Mas quem imagina que o uso da CO2 como matéria prima seja abertura ou oportunidade para continuarmos consumindo combustíveis fósseis e emitindo bilhões de toneladas anuais de gases de efeito estufa, deve repensar. O mundo emite anualmente cerca de 35 bilhões de toneladas de CO2 na atmosfera. Para efeito de comparação, a produção mundial de ferro é de pouco mais de 2 bilhões de toneladas anuais. Por mais materiais que se possa produzir capturando carbono, ainda sim será necessário uma redução drástica das emissões de CO2.
A solução ideal é a integração da substituição de combustíveis fósseis por fontes renováveis associadas a captura de carbono.
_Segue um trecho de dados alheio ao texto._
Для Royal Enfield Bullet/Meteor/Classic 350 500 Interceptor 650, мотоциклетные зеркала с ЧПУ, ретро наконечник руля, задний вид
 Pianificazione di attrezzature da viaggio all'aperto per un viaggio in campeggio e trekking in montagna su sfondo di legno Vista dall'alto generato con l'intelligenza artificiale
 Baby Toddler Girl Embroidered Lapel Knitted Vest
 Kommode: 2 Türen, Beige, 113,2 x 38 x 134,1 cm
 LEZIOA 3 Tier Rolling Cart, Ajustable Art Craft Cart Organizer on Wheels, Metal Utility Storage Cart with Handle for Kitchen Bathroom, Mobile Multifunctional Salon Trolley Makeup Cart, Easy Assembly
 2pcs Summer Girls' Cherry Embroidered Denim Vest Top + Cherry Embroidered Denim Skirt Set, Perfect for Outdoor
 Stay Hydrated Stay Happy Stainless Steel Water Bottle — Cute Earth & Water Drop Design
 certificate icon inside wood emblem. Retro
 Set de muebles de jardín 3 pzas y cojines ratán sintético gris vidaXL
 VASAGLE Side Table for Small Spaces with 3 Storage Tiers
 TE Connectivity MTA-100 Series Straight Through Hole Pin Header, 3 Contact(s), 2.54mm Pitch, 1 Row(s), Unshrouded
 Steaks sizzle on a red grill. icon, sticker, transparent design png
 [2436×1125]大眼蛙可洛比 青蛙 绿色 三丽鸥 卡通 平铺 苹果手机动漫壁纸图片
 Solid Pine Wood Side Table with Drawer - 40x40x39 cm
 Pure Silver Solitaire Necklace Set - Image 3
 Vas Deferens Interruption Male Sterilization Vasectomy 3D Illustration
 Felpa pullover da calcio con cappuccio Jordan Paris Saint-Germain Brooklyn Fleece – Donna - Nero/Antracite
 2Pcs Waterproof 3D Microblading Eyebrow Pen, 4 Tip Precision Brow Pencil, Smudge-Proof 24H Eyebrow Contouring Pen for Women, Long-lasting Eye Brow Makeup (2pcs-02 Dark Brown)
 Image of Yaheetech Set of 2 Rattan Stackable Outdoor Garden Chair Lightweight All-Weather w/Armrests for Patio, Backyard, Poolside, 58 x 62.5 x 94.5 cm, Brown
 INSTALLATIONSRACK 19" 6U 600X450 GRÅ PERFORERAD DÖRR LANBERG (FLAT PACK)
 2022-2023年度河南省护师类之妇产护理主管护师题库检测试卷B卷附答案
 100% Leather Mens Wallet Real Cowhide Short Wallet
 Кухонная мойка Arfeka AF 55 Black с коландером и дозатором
Um bom exemplo seria uma siderúrgica que utiliza carvão vegetal no lugar de carvão mineral e captura o carbono do processo industrial para produzir polímeros estruturais estará se tornando um sumidouro de CO2 em vez de uma das principais fontes de emissão.

domingo, 17 de novembro de 2013

Sistema de Estimativa de Emissões de Gases de Efeito Estufa (SEEG)

Em 2012, eu fiz uma estimativa das emissões de gases de efeito estufa do Brasil até 2011. Este exercício serviu de base para o desenvolvimento do Sistema de Estimativa de Emissões de Gases de Efeito Estuda (SEEG) lançado oficialmente no dia 07 de Novembro em evento realizado em São Paulo.

O SEEG é uma inciativa do Observatório do Clima que compreende a realização de estimativas anuais das emissões de gases de efeito estufa (GEE) no Brasil, documentos analíticos sobre a evolução das emissões e um portal na internet para disponibilização de forma simples e clara sobre métodos e dados gerados no sistema.  

As Estimativas de Emissões de Gases do Efeito Estufa são realizadas segundo as diretrizes do Painel Intergovernamental sobre Mudanças Climáticas (IPCC), com base nos dados do Segundo Inventário Brasileiro de Emissões e Remoções Antrópicas de Gases do Efeito Estufa, elaborado pelo Ministério da Ciência, Tecnologia e Inovação (MCTI) e em dados obtidos junto a relatórios governamentais, institutos, centros de pesquisa, entidades setoriais e organizações não governamentais.


Cinco setores foram avaliados – Agropecuária, Energia, Mudanças de Uso da Terra, Processos Industriais e Resíduos – com dados anuais para o período 1990-2012. A partir desta publicação, o SEEG será atualizado anualmente.

A plataforma disponível na internet é super simples de utilizar e permite pesquisar os dados com vários níveis de detalhes além de permitir a visualização em gráficos e exportação dos dados em arquivo MS-Excell. 

Todos os dados tiveram a qualidade avaliada (tabela de qualidade dos dados) e notas metodológicas foram preparadas para cada setor e estarão disponíveis também no site.